Friend remembers slain gang intervention worker
Amer-I-Can Community News
Tommie "T-Top" Rivers
Last Sunday night, gang intervention worker Ronald "Looney" Barron left a bar with his girlfriend when he noticed a tagger on West Pico Boulevard. Barron confronted the tagger, who shot and killed him. He was 40-years-old.
Tommie "T Top" Rivers was one of Barron's closest friends. Rivers said he first met Barron when he was about 7-years-old -- the two grew up playing football and baseball together.
But they were from two different neighborhoods, neighborhoods that didn't get along. The two men didn't speak for about 20 years, until they both wound up behind bars.
Rivers says when they were released from prison, they both joined the Amer-I-Can program, started by NFL Hall of Famer Jim Brown.

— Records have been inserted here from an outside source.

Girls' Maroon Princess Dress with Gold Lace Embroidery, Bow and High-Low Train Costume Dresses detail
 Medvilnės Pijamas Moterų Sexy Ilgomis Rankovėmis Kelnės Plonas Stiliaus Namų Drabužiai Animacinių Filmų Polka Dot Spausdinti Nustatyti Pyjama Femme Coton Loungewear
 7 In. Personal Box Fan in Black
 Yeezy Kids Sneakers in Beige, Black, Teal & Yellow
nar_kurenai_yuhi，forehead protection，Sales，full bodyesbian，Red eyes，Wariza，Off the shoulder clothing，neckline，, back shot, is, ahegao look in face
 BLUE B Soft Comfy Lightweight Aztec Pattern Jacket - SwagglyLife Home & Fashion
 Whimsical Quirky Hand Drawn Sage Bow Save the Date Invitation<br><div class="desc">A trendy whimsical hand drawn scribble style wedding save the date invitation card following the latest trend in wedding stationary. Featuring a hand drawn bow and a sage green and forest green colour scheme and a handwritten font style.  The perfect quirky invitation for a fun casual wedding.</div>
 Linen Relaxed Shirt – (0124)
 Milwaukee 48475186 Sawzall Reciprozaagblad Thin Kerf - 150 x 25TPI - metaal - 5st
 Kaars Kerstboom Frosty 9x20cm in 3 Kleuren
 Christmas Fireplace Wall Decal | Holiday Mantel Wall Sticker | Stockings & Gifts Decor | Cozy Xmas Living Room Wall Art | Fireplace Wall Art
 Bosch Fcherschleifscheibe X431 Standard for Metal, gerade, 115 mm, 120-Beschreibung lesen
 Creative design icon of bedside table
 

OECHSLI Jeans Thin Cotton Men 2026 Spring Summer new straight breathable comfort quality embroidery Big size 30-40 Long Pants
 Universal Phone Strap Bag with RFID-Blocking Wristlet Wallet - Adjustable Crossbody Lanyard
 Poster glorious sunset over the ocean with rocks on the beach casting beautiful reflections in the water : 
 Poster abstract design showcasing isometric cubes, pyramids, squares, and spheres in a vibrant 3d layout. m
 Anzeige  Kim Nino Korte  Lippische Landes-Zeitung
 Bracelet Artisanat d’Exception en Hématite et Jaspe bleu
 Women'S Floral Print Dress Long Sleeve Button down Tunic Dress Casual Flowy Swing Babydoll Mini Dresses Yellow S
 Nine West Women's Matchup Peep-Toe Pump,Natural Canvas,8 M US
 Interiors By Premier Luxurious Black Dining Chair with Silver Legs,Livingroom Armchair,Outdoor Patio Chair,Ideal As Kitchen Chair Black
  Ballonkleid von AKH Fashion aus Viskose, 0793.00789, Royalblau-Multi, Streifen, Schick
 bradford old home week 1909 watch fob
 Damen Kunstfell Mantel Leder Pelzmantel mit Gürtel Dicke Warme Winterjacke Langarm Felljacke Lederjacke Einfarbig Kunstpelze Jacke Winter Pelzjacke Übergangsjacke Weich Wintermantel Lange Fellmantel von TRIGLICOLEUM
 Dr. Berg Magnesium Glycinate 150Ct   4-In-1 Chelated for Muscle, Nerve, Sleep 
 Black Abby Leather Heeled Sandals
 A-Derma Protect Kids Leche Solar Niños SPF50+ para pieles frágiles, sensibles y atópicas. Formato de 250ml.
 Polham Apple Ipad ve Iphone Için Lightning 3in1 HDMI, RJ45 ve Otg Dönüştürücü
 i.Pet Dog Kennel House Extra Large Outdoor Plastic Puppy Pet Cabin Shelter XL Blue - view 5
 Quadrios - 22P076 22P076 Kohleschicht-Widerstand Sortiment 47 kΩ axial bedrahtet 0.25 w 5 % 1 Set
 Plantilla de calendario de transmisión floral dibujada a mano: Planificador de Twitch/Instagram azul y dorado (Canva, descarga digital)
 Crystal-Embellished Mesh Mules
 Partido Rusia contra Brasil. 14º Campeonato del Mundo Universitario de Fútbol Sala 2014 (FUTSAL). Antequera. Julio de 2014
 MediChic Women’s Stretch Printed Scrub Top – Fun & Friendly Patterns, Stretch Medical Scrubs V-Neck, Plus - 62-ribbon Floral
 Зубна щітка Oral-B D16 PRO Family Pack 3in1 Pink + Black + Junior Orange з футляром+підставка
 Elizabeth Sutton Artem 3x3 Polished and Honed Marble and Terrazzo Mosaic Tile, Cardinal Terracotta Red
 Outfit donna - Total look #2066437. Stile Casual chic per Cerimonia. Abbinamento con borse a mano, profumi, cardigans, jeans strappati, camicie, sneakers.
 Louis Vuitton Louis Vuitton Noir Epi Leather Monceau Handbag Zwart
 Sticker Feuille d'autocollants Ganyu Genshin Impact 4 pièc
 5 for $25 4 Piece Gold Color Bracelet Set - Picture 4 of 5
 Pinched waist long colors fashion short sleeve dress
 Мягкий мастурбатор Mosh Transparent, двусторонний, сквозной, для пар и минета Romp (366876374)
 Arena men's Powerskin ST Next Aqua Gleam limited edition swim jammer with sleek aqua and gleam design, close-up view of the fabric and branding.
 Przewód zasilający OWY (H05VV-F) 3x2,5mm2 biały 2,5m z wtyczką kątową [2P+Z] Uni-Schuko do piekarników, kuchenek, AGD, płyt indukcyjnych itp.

Rivers said the program completely changed their lives and set them on a different track.
"Then we went on to bring our two rival neighborhoods together," says Rivers. "For the past nine years, my neighborhood along with his and about 15 others, Bloods and Crips haven't been warring."
Barron had become a respected anti-gang counselors. Relatives say he dedicated his time to kids much like the 16-year-old who has since been charged with Barron's shooting.
Rivers wasn't with his best friend when he confronted the tagger, but says he can imagine what went through his mind. "I think it would make him feel like it [tagging] goes against what he stood for," he says.
Rivers believes tagging often leads to much bigger crimes.
Recently the two men had been working at several schools, trying to help spread what Rivers calls the right mind-set. He says Ronald Barron always stayed positive and optimistic around kids, no matter what the situation. "He was consistent when so much of their lives is inconsistent."
Barron is survived by two children, a 22-year-old son about to graduate college, and a daughter, 10.